Abstract
Large scale mutagenesis experiments are becoming possible owing to the advancement in the sequencing technologies and high throughput screening. Deep mutational scans perform exhaustive single-point muta-tions on a protein and probe their phenotypic effects. Performing a full scan with site-directed mutations of all the amino acid residues in a protein may not be practical, and may not even be required, especially if predictive computational models can be developed. Computational models are however naive to cellular response in the myriads of assay-conditions. In order to develop the realistic paradigm of assay context-aware predictive hybrid models, we combine minimal deep mutational studies with computational models and pre-dict the phenotypic outcomes quantitatively. Structural, sequence and co-evolutionary information along with partial deep mutational scan data was included to capture the phenotypic relevance of the mutations to the specific screening criterion.

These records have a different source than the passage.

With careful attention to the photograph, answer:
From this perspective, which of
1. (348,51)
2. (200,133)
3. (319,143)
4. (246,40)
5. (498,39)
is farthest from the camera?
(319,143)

The model reliably predicts the fitness outcomes of hundreds of randomly selected amino acid mutations in β-lactamase, when the phenotypic fitness data from as few as 15% of the full mutation is available. Interestingly, the predictive capabilities are better with a random set of mutations rather than with a systematic substitution of all amino acids to alanine, asparagine and histidine (ANH). The model can potentially be extended for predicting the phenotypic outcomes at other concentrations of the stressor by carefully analyzing the dose-response curves of a representative set of mutations.

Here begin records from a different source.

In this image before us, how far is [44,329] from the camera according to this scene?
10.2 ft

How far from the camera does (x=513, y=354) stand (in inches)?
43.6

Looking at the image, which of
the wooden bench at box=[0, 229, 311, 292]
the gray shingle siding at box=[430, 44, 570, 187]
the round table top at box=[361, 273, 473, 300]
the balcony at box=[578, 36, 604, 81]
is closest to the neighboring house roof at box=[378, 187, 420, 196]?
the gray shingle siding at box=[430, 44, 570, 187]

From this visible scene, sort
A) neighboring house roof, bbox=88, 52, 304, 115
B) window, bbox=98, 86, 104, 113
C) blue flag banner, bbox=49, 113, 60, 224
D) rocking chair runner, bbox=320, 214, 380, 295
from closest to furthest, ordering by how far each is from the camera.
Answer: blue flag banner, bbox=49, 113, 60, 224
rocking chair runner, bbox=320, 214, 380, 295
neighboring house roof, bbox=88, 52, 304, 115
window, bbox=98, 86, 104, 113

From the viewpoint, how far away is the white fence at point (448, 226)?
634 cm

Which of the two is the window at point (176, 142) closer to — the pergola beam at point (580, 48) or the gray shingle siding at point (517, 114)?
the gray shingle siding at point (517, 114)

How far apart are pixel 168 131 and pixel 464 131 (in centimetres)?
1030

Author Summary Mutations are the minor changes in protein sequences, with incommensurately high consequences for their function. Many severe diseases can occur with simple single point mutations. An interesting way of studying these mutations is not to isolate the protein from its natural conditions, but rather study how the fitness of the cell improves or decreases in response to these mutations. Whether it is for understanding disease biology or for bio-engineering applications it is important to quantify the impact of mutations on the cellular fitness. An experimental paradigm has evolved which has improved the ability to sample several hundred thousands of mutation-fitness relations using high throughput screening. However, since these are very specialized experiments, the question is if the number of such experiments required can be minimized, by using computer models to complement the rest of the fitness predictions. In this work we introduce this new paradigm which uses computer model trained on a partial deep mutation scan data, to predict the fitness variations in a full mutations scan that could also be repeated under multiple experimental conditions like drug concentrations.